• Directions: Word for word, reproduce the listing that follows, excluding any pictures it contains.

### Input data

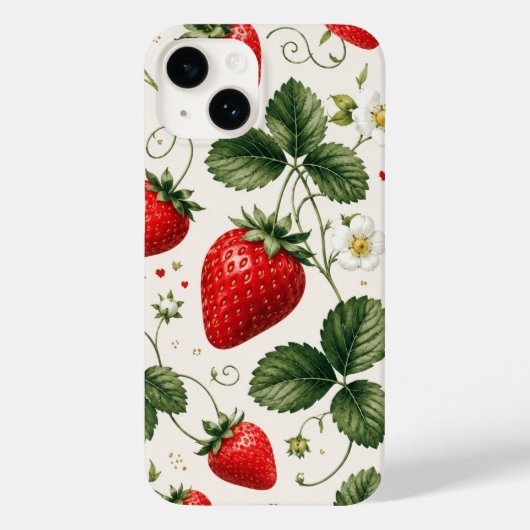 Coques Case-Mate iPhone Motif botanique de fraise sans couture de style vi (Verso)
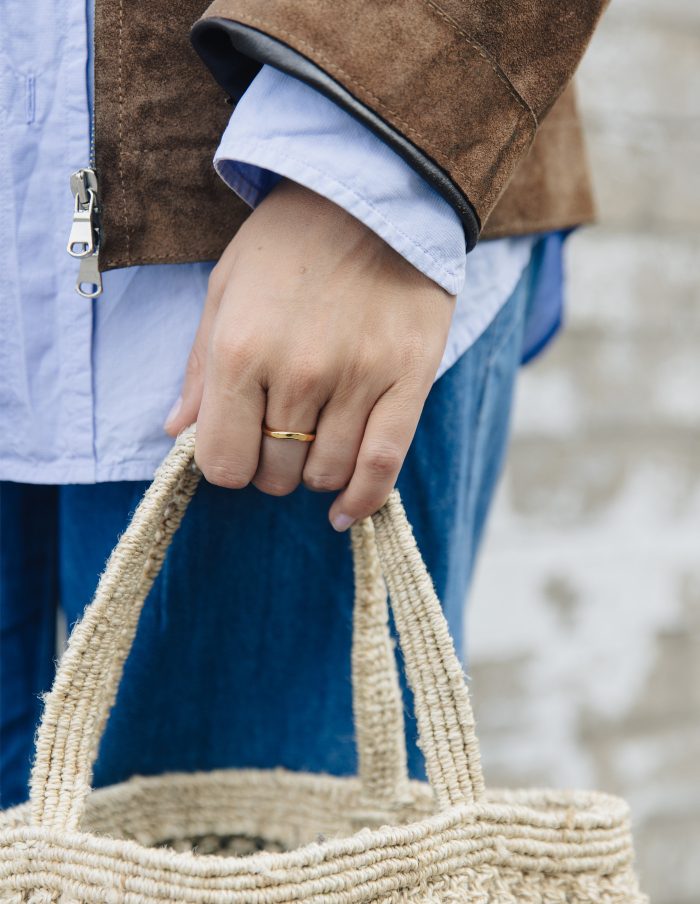 Gold Organic Flow Band Ring, Tarnish-Free Gold Plating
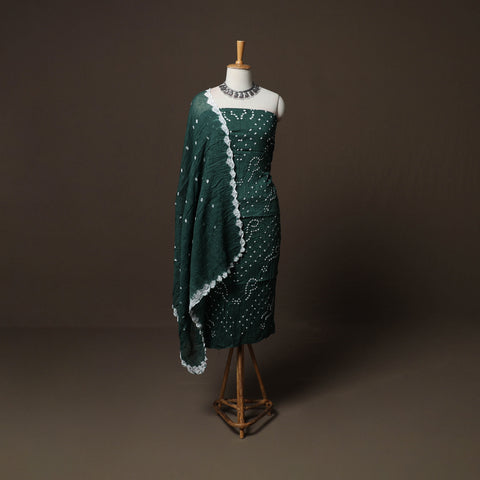 Green - Kutch Tie-Dye Cotton Satin 3pc Unstitched Bandhani Dress Material Suit Set 18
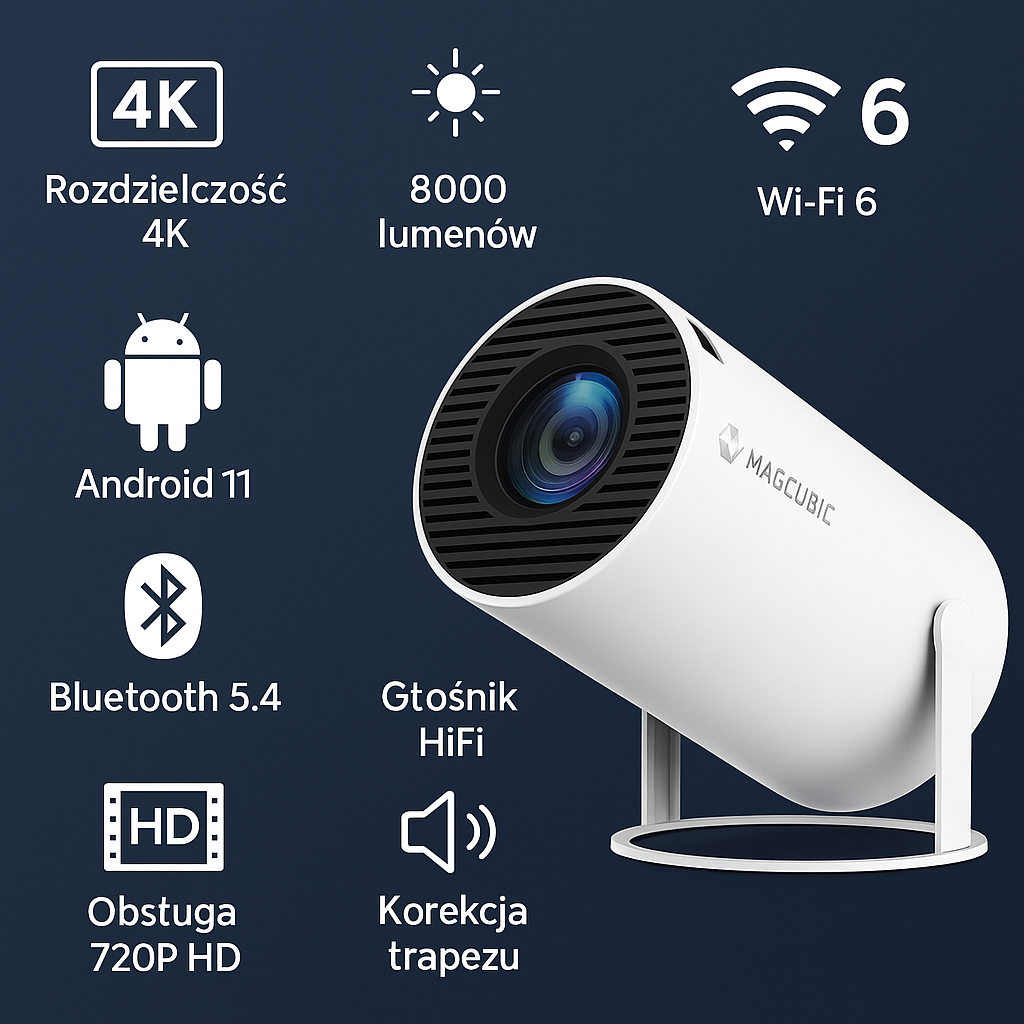 Mini Projektor Magcubic HY300 Pro 4K Android – Kino Domowe z Auto Korekcją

######

• Solution to this task:
 Coques Case-Mate iPhone Motif botanique de fraise sans couture de style vi (Verso)
 Gold Organic Flow Band Ring, Tarnish-Free Gold Plating
 Green - Kutch Tie-Dye Cotton Satin 3pc Unstitched Bandhani Dress Material Suit Set 18
 Mini Projektor Magcubic HY300 Pro 4K Android – Kino Domowe z Auto Korekcją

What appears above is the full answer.